5. **Non-reasoning angle bracket text**
   - content with `<tag>` not in supported tag set
   - expected: preserved.

### 6) Optional telemetry/debug signal
Add debug-only counters/logs (if project conventions allow) for:
- stripped delimiter count
- extracted tagged reasoning count
This helps validate behavior against real provider streams.

## Rollout / Safety Strategy

1. Implement behind deterministic default behavior (no runtime flag required initially).
2. Run:
   - `cargo check`
   - `cargo test`
   - targeted provider tests
3. Validate with a captured problematic session replay and confirm no new `</think>` persistence.
4. If risk concerns remain, gate extraction-vs-strip behavior behind a config toggle after baseline fix.

## Risks and Mitigations

- **Risk:** Over-stripping legitimate user text containing `<think>` literals.
  - **Mitigation:** strip only exact supported reasoning tags; preserve unknown tags.
- **Risk:** Duplicate reasoning when native and tagged reasoning coexist.
  - **Mitigation:** native-first policy + dedupe guard.
- **Risk:** Streaming boundary bugs.
  - **Mitigation:** explicit state machine tests for split chunks and EOF flush behavior.

## Acceptance Criteria

1. No `</think>` or `<think>` tokens appear in assistant-visible output for known leak cases.
2. Existing native reasoning behavior remains functional.
3. Session message events store normalized assistant content.
4. Provider tests cover streaming and non-streaming normalization cases.
5. No regressions in existing TUI thinking rendering tests.

## Open Decisions (to confirm before implementation)

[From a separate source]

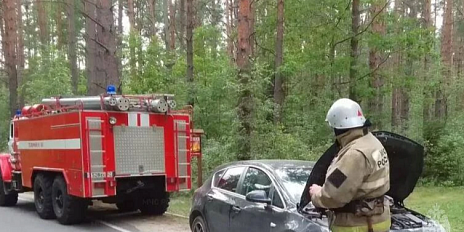 Накануне в орловском регионе при движении загорелся автомобиль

1. Should extracted tag-body reasoning be appended when native reasoning also exists (`merge`) or dropped (`native-only`)?
   - Recommended default: `native-only` to avoid duplication.
2. Should `<thinking>` tags be supported immediately alongside `<think>`?
   - Recommended default: yes, both.
3. Should we add a user-facing config switch now or only if needed?
   - Recommended default: no switch initially; keep policy internal and deterministic.